Common Tourist Scams in Mykonos (and How to Avoid Them)
Beach-club bill scams
Mykonos beach-club pricing is genuinely high — that's not a scam. The real scams are operational:
- "Open bottle" tipping pattern: order one bottle of vodka (€500-1,500). Server "gifts you" a second; appears on bill at the end.
- Sunbed pricing: agreed rate at check-in turns into a multiple at checkout — "minimum spend" and "service charge" combinations.
- Receipt-after-the-fact: bill arrives without itemised pricing; refusing to pay can result in police being called (Greek police side with venue).
- Defence: get pricing in writing before arriving — sunbed rate, drink minimums, mandatory service charge. Photograph the menu. Don't accept "complimentary" anything; you'll see it on the bill.
- Bring the credit card you can dispute: chargebacks for documented scams have worked.

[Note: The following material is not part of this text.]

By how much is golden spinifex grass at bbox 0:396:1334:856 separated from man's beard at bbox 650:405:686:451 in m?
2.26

- Quieter beaches: Agios Sostis, Panormos, Lia have less club culture.
FAQ
- What's the biggest scam to avoid in Mykonos?
- Beach-club bill scams, specifically the 'complimentary' bottle trick at Nammos, Scorpios and Paradise Beach venues. Order one bottle of vodka at €500-1,500; server brings a second 'on the house'; both appear on the final bill alongside undisclosed service charges and 'minimum spend' add-ons. Defence: get all pricing in writing before arrival — sunbed rate, drink minimums, service percentages. Photograph the menu. Refuse anything 'complimentary'. Pay with a credit card you can chargeback. If they call police, Greek police generally side with the venue. Quieter beaches (Agios Sostis, Panormos, Lia) skip the trap entirely.